Transcribe the data that follows precisely, omitting nothing.

(Brief descriptive captions)
┏━━
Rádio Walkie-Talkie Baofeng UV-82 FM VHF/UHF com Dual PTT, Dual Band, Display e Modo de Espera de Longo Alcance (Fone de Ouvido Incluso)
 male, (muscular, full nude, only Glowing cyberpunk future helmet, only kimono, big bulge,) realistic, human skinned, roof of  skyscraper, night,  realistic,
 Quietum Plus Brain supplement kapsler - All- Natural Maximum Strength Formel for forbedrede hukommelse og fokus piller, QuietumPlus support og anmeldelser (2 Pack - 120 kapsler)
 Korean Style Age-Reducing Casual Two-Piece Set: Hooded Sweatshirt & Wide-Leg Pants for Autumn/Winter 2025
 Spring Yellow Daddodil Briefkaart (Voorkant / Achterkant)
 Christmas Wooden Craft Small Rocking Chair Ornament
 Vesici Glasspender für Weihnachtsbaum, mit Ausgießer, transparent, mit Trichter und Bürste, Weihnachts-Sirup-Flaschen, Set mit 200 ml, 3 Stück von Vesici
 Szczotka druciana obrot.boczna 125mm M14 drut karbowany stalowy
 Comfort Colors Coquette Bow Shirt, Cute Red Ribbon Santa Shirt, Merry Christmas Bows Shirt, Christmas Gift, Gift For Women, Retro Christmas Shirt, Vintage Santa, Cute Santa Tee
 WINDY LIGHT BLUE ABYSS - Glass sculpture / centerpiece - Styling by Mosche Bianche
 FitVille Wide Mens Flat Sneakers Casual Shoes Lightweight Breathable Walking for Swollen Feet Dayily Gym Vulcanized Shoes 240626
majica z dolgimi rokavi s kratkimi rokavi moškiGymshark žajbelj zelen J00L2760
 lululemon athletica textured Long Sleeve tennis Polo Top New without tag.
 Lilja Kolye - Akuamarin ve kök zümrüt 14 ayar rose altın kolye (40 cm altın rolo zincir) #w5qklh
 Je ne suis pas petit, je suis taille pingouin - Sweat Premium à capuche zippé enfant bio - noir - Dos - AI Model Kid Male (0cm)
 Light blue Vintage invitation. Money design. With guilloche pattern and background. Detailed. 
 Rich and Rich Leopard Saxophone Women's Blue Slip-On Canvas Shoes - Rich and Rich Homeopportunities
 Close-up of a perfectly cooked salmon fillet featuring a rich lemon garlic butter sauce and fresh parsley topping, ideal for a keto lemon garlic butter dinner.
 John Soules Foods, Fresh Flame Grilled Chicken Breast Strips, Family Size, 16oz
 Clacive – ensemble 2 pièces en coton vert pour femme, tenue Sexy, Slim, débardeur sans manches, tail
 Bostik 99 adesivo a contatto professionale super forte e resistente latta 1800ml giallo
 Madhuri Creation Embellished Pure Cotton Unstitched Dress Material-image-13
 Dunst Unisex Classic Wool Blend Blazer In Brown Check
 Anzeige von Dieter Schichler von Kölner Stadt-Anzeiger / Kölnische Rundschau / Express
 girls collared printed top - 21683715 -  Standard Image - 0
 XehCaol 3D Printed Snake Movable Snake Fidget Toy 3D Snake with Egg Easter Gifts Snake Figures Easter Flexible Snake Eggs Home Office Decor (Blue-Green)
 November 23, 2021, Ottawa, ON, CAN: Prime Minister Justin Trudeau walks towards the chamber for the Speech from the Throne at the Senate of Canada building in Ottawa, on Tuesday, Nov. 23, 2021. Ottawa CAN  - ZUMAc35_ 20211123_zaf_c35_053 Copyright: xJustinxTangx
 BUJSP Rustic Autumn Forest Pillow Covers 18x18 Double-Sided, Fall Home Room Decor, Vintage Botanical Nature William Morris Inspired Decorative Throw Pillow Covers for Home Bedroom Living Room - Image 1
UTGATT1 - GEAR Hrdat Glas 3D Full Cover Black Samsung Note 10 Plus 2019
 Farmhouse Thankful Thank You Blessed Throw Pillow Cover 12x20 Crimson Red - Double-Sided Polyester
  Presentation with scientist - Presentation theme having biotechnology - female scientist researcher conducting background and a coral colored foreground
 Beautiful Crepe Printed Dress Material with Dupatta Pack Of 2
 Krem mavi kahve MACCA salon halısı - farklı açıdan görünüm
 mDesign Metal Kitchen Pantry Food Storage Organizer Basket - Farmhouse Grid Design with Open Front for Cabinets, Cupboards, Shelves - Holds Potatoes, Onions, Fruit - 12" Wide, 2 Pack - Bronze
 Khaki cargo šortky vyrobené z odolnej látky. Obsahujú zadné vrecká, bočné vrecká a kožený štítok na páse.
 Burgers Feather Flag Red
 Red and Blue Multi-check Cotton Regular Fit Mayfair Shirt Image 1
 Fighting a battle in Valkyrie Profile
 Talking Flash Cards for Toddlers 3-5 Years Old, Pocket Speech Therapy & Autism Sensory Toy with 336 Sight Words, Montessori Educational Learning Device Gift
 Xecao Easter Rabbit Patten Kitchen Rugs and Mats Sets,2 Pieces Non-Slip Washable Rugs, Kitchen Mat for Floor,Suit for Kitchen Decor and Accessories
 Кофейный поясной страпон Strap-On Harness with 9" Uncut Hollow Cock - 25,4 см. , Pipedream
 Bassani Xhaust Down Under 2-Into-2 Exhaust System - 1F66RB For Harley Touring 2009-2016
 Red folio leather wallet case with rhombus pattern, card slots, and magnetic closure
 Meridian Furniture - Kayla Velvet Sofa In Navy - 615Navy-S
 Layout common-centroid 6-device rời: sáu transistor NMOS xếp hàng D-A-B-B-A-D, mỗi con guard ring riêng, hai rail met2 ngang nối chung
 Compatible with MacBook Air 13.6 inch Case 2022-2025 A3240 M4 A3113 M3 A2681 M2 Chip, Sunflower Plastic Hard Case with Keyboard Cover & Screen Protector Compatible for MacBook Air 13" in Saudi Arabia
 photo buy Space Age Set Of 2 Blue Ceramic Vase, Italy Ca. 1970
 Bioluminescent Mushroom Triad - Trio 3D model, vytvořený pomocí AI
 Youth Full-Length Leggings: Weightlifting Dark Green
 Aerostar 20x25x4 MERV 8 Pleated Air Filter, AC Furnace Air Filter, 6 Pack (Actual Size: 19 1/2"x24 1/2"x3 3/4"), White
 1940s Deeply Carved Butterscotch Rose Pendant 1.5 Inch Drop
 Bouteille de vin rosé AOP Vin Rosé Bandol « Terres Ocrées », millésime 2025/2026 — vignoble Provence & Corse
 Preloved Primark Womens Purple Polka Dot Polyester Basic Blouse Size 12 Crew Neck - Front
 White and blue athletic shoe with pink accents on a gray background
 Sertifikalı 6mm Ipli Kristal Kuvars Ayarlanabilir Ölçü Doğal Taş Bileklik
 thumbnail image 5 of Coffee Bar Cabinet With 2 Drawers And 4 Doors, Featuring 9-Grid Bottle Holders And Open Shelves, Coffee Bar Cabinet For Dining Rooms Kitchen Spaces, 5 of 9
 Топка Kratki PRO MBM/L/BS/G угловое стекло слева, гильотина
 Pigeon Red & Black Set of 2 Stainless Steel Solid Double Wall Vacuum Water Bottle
┗━━
EXERCISE OUTPUT:
Rádio Walkie-Talkie Baofeng UV-82 FM VHF/UHF com Dual PTT, Dual Band, Display e Modo de Espera de Longo Alcance (Fone de Ouvido Incluso)
 male, (muscular, full nude, only Glowing cyberpunk future helmet, only kimono, big bulge,) realistic, human skinned, roof of  skyscraper, night,  realistic,
 Quietum Plus Brain supplement kapsler - All- Natural Maximum Strength Formel for forbedrede hukommelse og fokus piller, QuietumPlus support og anmeldelser (2 Pack - 120 kapsler)
 Korean Style Age-Reducing Casual Two-Piece Set: Hooded Sweatshirt & Wide-Leg Pants for Autumn/Winter 2025
 Spring Yellow Daddodil Briefkaart (Voorkant / Achterkant)
 Christmas Wooden Craft Small Rocking Chair Ornament
 Vesici Glasspender für Weihnachtsbaum, mit Ausgießer, transparent, mit Trichter und Bürste, Weihnachts-Sirup-Flaschen, Set mit 200 ml, 3 Stück von Vesici
 Szczotka druciana obrot.boczna 125mm M14 drut karbowany stalowy
 Comfort Colors Coquette Bow Shirt, Cute Red Ribbon Santa Shirt, Merry Christmas Bows Shirt, Christmas Gift, Gift For Women, Retro Christmas Shirt, Vintage Santa, Cute Santa Tee
 WINDY LIGHT BLUE ABYSS - Glass sculpture / centerpiece - Styling by Mosche Bianche
 FitVille Wide Mens Flat Sneakers Casual Shoes Lightweight Breathable Walking for Swollen Feet Dayily Gym Vulcanized Shoes 240626
majica z dolgimi rokavi s kratkimi rokavi moškiGymshark žajbelj zelen J00L2760
 lululemon athletica textured Long Sleeve tennis Polo Top New without tag.
 Lilja Kolye - Akuamarin ve kök zümrüt 14 ayar rose altın kolye (40 cm altın rolo zincir) #w5qklh
 Je ne suis pas petit, je suis taille pingouin - Sweat Premium à capuche zippé enfant bio - noir - Dos - AI Model Kid Male (0cm)
 Light blue Vintage invitation. Money design. With guilloche pattern and background. Detailed. 
 Rich and Rich Leopard Saxophone Women's Blue Slip-On Canvas Shoes - Rich and Rich Homeopportunities
 Close-up of a perfectly cooked salmon fillet featuring a rich lemon garlic butter sauce and fresh parsley topping, ideal for a keto lemon garlic butter dinner.
 John Soules Foods, Fresh Flame Grilled Chicken Breast Strips, Family Size, 16oz
 Clacive – ensemble 2 pièces en coton vert pour femme, tenue Sexy, Slim, débardeur sans manches, tail
 Bostik 99 adesivo a contatto professionale super forte e resistente latta 1800ml giallo
 Madhuri Creation Embellished Pure Cotton Unstitched Dress Material-image-13
 Dunst Unisex Classic Wool Blend Blazer In Brown Check
 Anzeige von Dieter Schichler von Kölner Stadt-Anzeiger / Kölnische Rundschau / Express
 girls collared printed top - 21683715 -  Standard Image - 0
 XehCaol 3D Printed Snake Movable Snake Fidget Toy 3D Snake with Egg Easter Gifts Snake Figures Easter Flexible Snake Eggs Home Office Decor (Blue-Green)
 November 23, 2021, Ottawa, ON, CAN: Prime Minister Justin Trudeau walks towards the chamber for the Speech from the Throne at the Senate of Canada building in Ottawa, on Tuesday, Nov. 23, 2021. Ottawa CAN  - ZUMAc35_ 20211123_zaf_c35_053 Copyright: xJustinxTangx
 BUJSP Rustic Autumn Forest Pillow Covers 18x18 Double-Sided, Fall Home Room Decor, Vintage Botanical Nature William Morris Inspired Decorative Throw Pillow Covers for Home Bedroom Living Room - Image 1
UTGATT1 - GEAR Hrdat Glas 3D Full Cover Black Samsung Note 10 Plus 2019
 Farmhouse Thankful Thank You Blessed Throw Pillow Cover 12x20 Crimson Red - Double-Sided Polyester
  Presentation with scientist - Presentation theme having biotechnology - female scientist researcher conducting background and a coral colored foreground
 Beautiful Crepe Printed Dress Material with Dupatta Pack Of 2
 Krem mavi kahve MACCA salon halısı - farklı açıdan görünüm
 mDesign Metal Kitchen Pantry Food Storage Organizer Basket - Farmhouse Grid Design with Open Front for Cabinets, Cupboards, Shelves - Holds Potatoes, Onions, Fruit - 12" Wide, 2 Pack - Bronze
 Khaki cargo šortky vyrobené z odolnej látky. Obsahujú zadné vrecká, bočné vrecká a kožený štítok na páse.
 Burgers Feather Flag Red
 Red and Blue Multi-check Cotton Regular Fit Mayfair Shirt Image 1
 Fighting a battle in Valkyrie Profile
 Talking Flash Cards for Toddlers 3-5 Years Old, Pocket Speech Therapy & Autism Sensory Toy with 336 Sight Words, Montessori Educational Learning Device Gift
 Xecao Easter Rabbit Patten Kitchen Rugs and Mats Sets,2 Pieces Non-Slip Washable Rugs, Kitchen Mat for Floor,Suit for Kitchen Decor and Accessories
 Кофейный поясной страпон Strap-On Harness with 9" Uncut Hollow Cock - 25,4 см. , Pipedream
 Bassani Xhaust Down Under 2-Into-2 Exhaust System - 1F66RB For Harley Touring 2009-2016
 Red folio leather wallet case with rhombus pattern, card slots, and magnetic closure
 Meridian Furniture - Kayla Velvet Sofa In Navy - 615Navy-S
 Layout common-centroid 6-device rời: sáu transistor NMOS xếp hàng D-A-B-B-A-D, mỗi con guard ring riêng, hai rail met2 ngang nối chung
 Compatible with MacBook Air 13.6 inch Case 2022-2025 A3240 M4 A3113 M3 A2681 M2 Chip, Sunflower Plastic Hard Case with Keyboard Cover & Screen Protector Compatible for MacBook Air 13" in Saudi Arabia
 photo buy Space Age Set Of 2 Blue Ceramic Vase, Italy Ca. 1970
 Bioluminescent Mushroom Triad - Trio 3D model, vytvořený pomocí AI
 Youth Full-Length Leggings: Weightlifting Dark Green
 Aerostar 20x25x4 MERV 8 Pleated Air Filter, AC Furnace Air Filter, 6 Pack (Actual Size: 19 1/2"x24 1/2"x3 3/4"), White
 1940s Deeply Carved Butterscotch Rose Pendant 1.5 Inch Drop
 Bouteille de vin rosé AOP Vin Rosé Bandol « Terres Ocrées », millésime 2025/2026 — vignoble Provence & Corse
 Preloved Primark Womens Purple Polka Dot Polyester Basic Blouse Size 12 Crew Neck - Front
 White and blue athletic shoe with pink accents on a gray background
 Sertifikalı 6mm Ipli Kristal Kuvars Ayarlanabilir Ölçü Doğal Taş Bileklik
 thumbnail image 5 of Coffee Bar Cabinet With 2 Drawers And 4 Doors, Featuring 9-Grid Bottle Holders And Open Shelves, Coffee Bar Cabinet For Dining Rooms Kitchen Spaces, 5 of 9
 Топка Kratki PRO MBM/L/BS/G угловое стекло слева, гильотина
 Pigeon Red & Black Set of 2 Stainless Steel Solid Double Wall Vacuum Water Bottle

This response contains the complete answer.